Back in the US, it was an interesting time for the country with lots of young people trying to evolve the food and coffee culture after travelling to Europe and gaining interest in better quality coffee.

“The specialty movement in the US really started at a grassroots level. It was really small and slow. But people that had been introduced to a different type of quality of coffee wanted to do something to ‘spread the gospel’, so to speak. We were on board with that. If we sold one machine a month, we thought we had done something to help that movement,” he says.

Kent and his partners sold, installed, trained, and serviced La Marzocco espresso machines to the American market, first to the Northwest states: Washington, Alaska, Idaho, California, and Montana. He used the yellow pages and went door knocking, tasked with convincing people that espresso coffee was economically feasible and a worthwhile investment for a market that didn’t really exist. It was a slow and steady process.

It took Kent one year to sell his first machine after his initial trip to Italy. To Kent, this was a sign of great things to come.

“We would go out to market and ask: ‘Have you thought about serving espresso coffee?’ Some people had no clue what we were talking about, and for others, it was ‘nasty Italian stuff’. We discovered that people liked to drink a lot of milk coffees, so we changed our marketing strategy to selling ‘cappuccino machines’,” Kent recalls.

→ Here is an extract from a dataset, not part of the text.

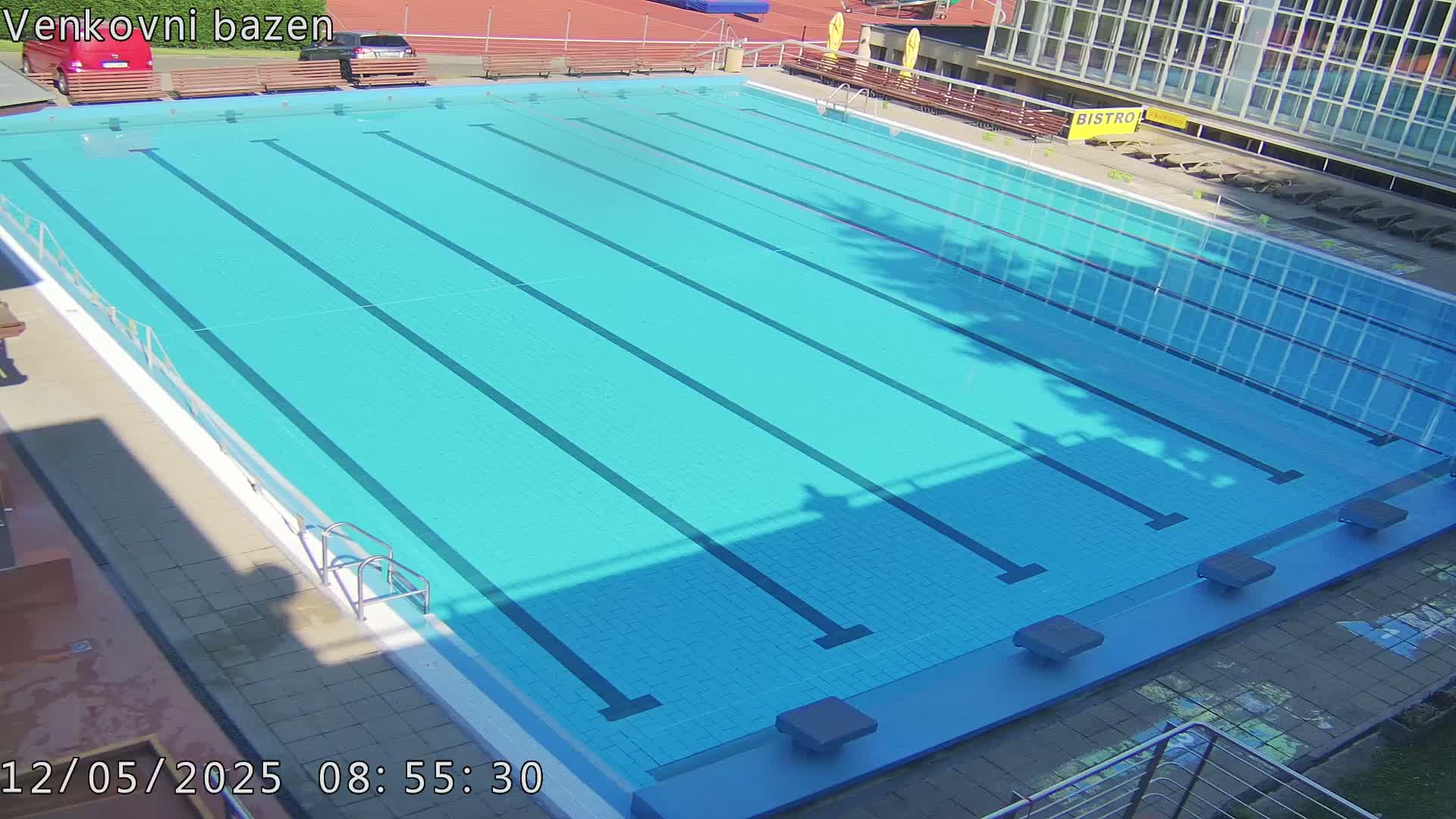 An outdoor, sunny swimming pool with multiple lanes is empty, surrounded by benches and a building.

“It had a much better ring to it. Since nobody really knew what coffee beverages were, we were really selling a beverage concept, not a machine. We built a cart to house the espresso machine, and we took every opportunity to set it up at any event we could. Even if there was only 10 or 20 people, it was a great way to introduced people to espresso coffee beverages. America is a filter coffee nation. Even to this day, espresso makes up only 30 per cent of the market.”

By the time the Specialty Coffee Association launched in the early 80s, a whole generation was inspired to roast coffee, and as Kent best puts it, “things were starting to wake up”.

“It was a time of social and cultural change, including lots of food development, so we were in the right place at the right time,” he says.

“I’d go to Italy and see all the coffee bars, see how coffee should taste, then bring that back and translate it to the US market without bastardising the product.”

Over time, the uptake grew, and Kent become recognised as a pioneer of the espresso movement in the US. Just like the collection of coffee machines he is now gifting to the world to view, Kent says he is fortunate to have endured a career that celebrates the evolution of coffee, including its progression in Australia.

“For years people told me I had to go to Australia and check it out, and on my first trip I was blown away by the quality and volume of coffee that people consume,” Kent says.

“It’s inspiring to see the level of sophistication, passion, and execution for great quality coffee. My thanks to all of you, and I hope you’ll come visit the museum in Seattle one day. It’s waiting for you.”